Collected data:

◇ ◇ ◇ ◇

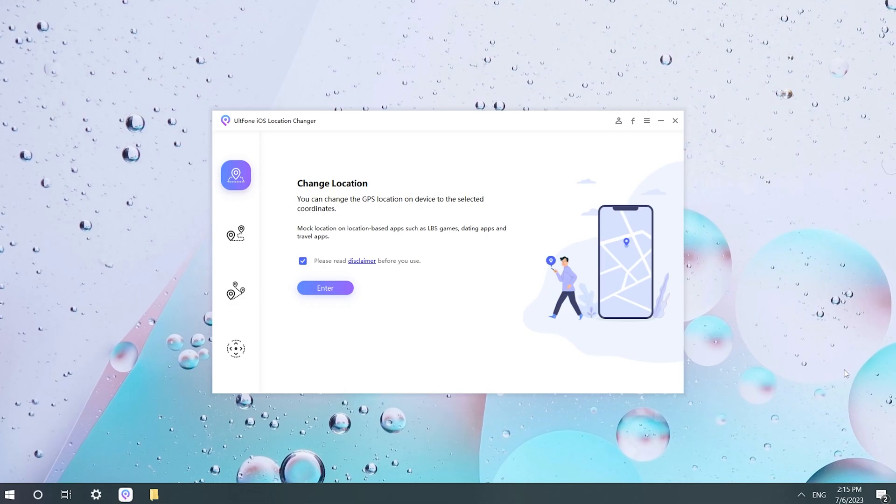Hello, welcome to the UltFone channel. This video is about a virtual positioning software called Toolkit iOS Location Changer.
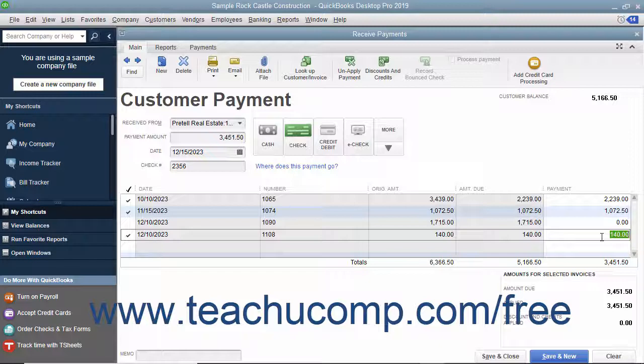After you have attributed the single payment received to the correct outstanding invoices in the correct amounts, you can then either click the Save & Close or Save & New button to save the transaction and then either close the window or open another new transaction window.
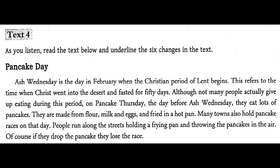Text 4. As you listen, read the text below and underline the six changes in the text.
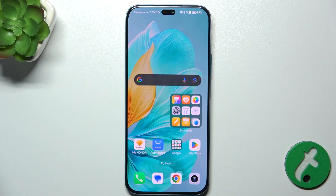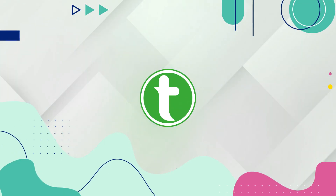Hello, in this video I'm gonna show you how to turn off Google Assistant on Honor 200 Lite.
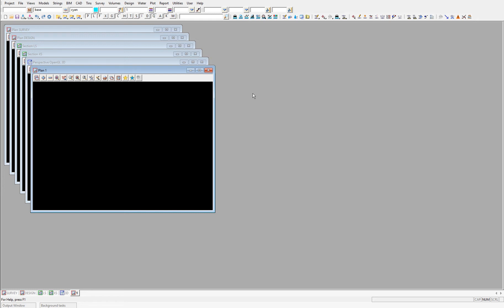Workspaces dictate the look of 12D when it is open. The main component being which toolbars are on and where they are located in the 12D model project view, as well as where the output window is located. A workspace setup file is used to define this configuration.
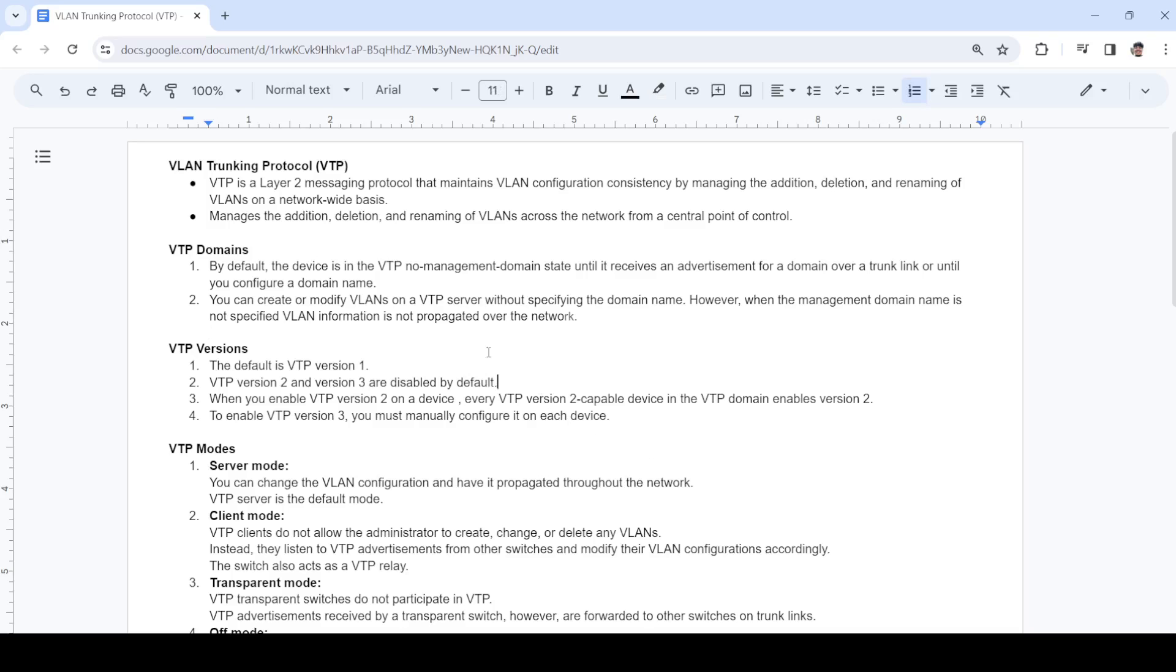Let me share my screen. VTP is a layer 2 messaging protocol that maintains VLAN configuration consistency by managing the addition, deletion, and renaming of VLANs on a network-wide basis. These can all be done from a central point of control or from a single switch.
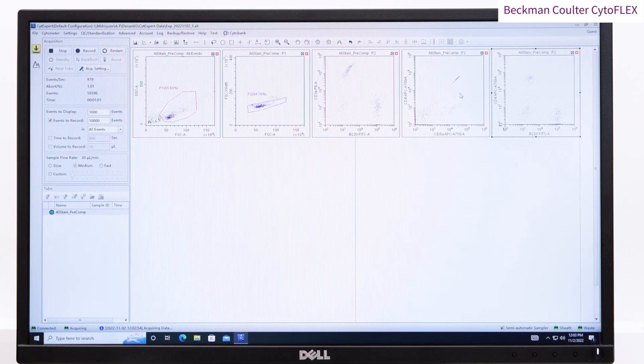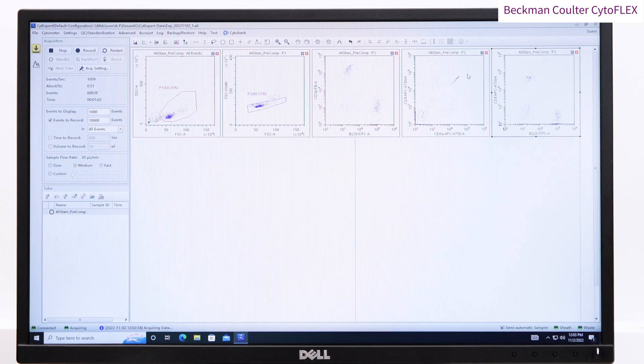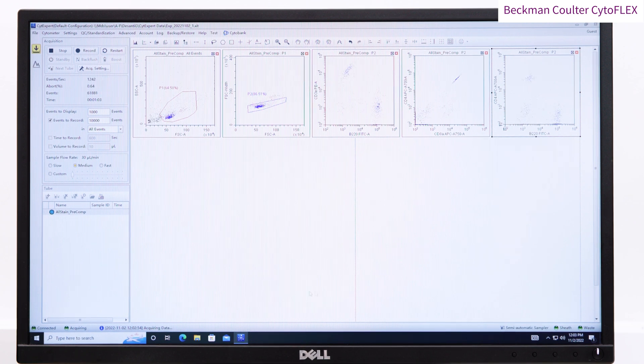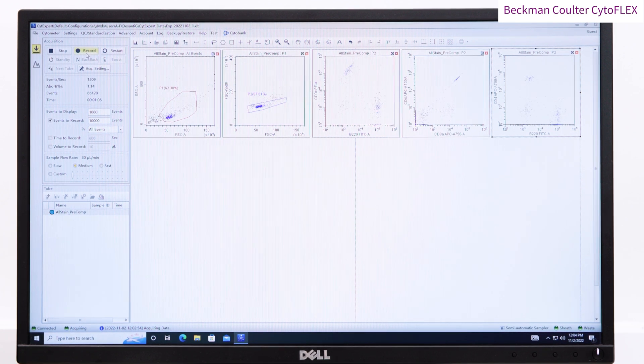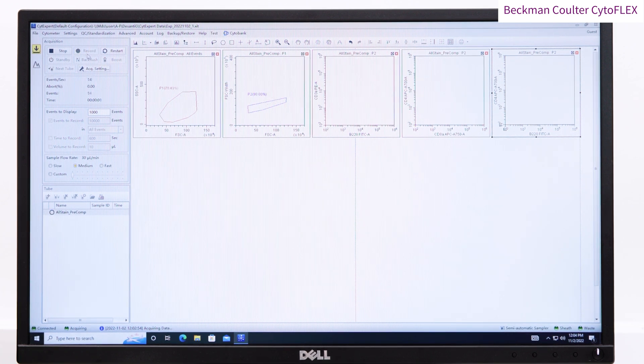You can see at the moment, the populations are difficult to resolve and that is because we haven't applied any compensation.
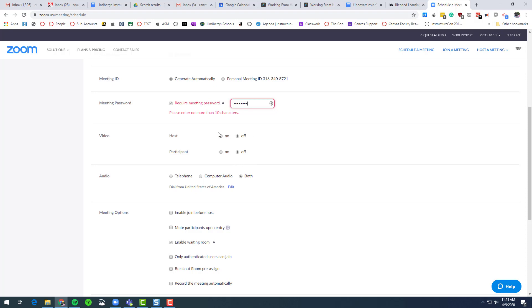So when you join the meeting, your video will not be on until you engage or you click start video. Participants, the students who join, their video will not be turned on until they turn it on or you prompt them to turn it on. Leaving this to both.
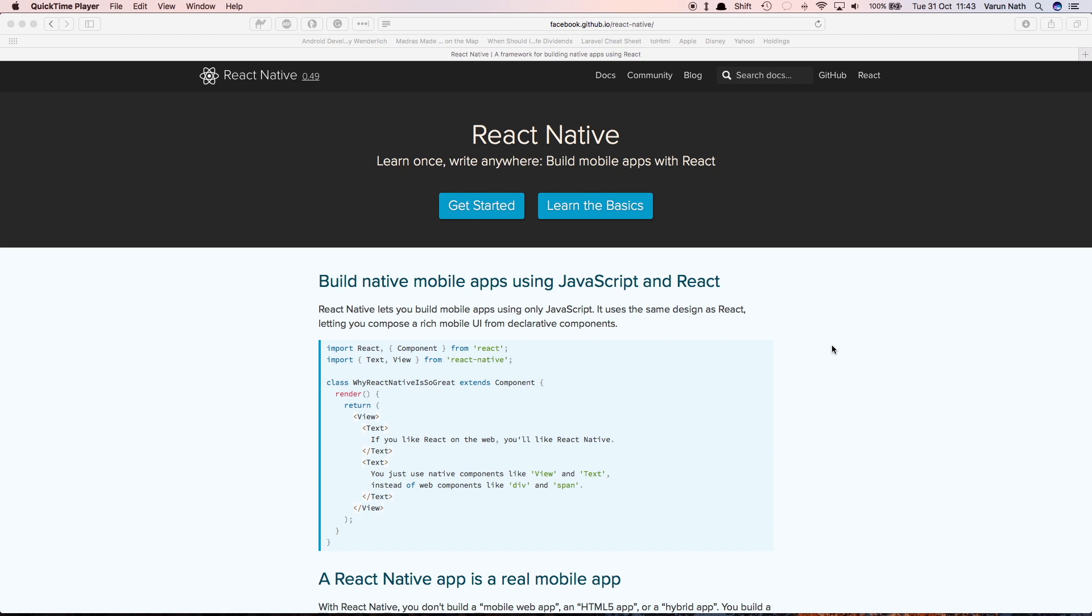This is where React Native is different. It uses the same fundamental UI building blocks as a regular iOS and Android app, but it lets you put them together just using JavaScript.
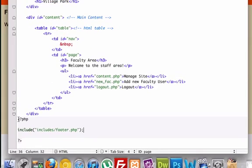We took this information and we created a new file called footer.php and then we went back and deleted this and included it.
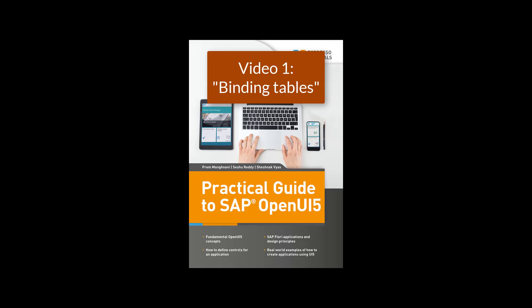In this video, you will learn how to add a table control to an application and how to bind the content to the table.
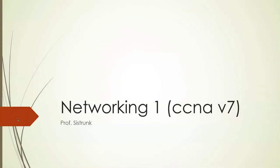Good morning, good afternoon, good evening. This is Professor Sistrunk and I am reaching out to the student body. It is that time for us to start this new class, Networking 1, CCNA version 7.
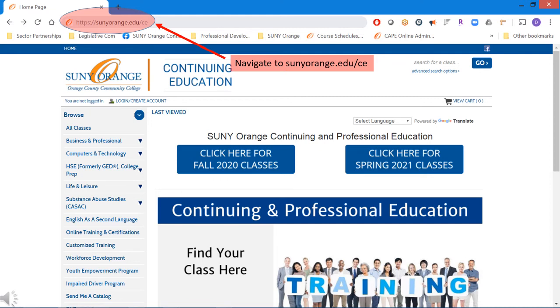This video will show you how to register for SUNY Orange continuing and professional education classes. Topics include creating a new account and profile, logging in, registering for a class, and class unlock keys.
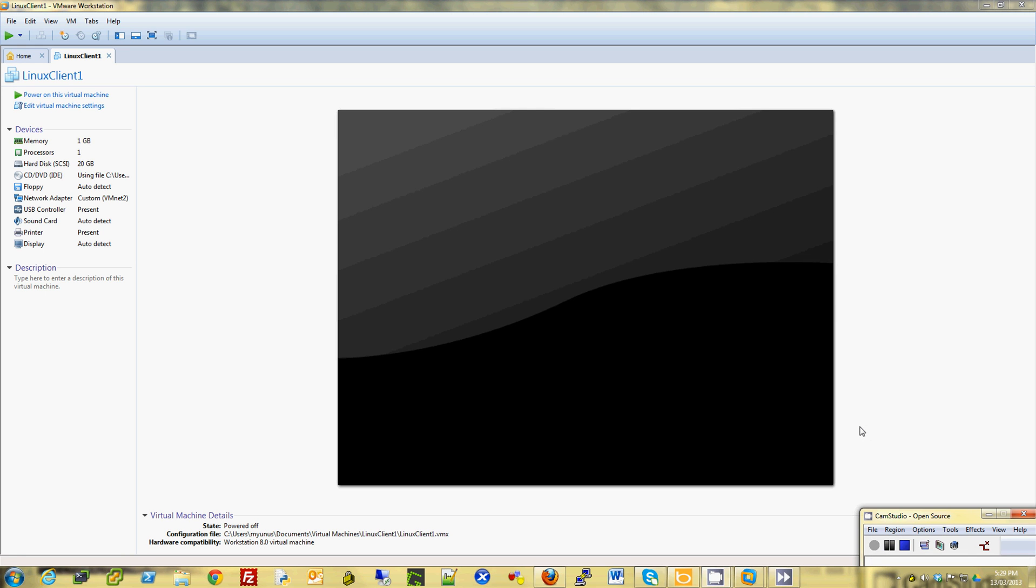Hi there, this is Murrf again. I will show you how to export a VM as OVF under VMware Workstation. So I have this VM on VMware Workstation 8 here.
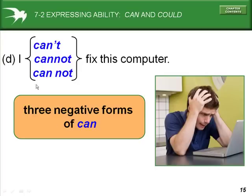The three negative forms of can: can't, cannot as one word, or can not as two separate words. All three are correct.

◇ ◇ ◇ ◇

→ **Problem to work on**: What are the lines above from the one with "This video will" to the one with "Hi there, this", both included? Reproduce them exactly, without pictures.

→ **Exercise solution**:
This video will show you how to register for SUNY Orange continuing and professional education classes. Topics include creating a new account and profile, logging in, registering for a class, and class unlock keys.
Hi there, this is Murrf again. I will show you how to export a VM as OVF under VMware Workstation. So I have this VM on VMware Workstation 8 here.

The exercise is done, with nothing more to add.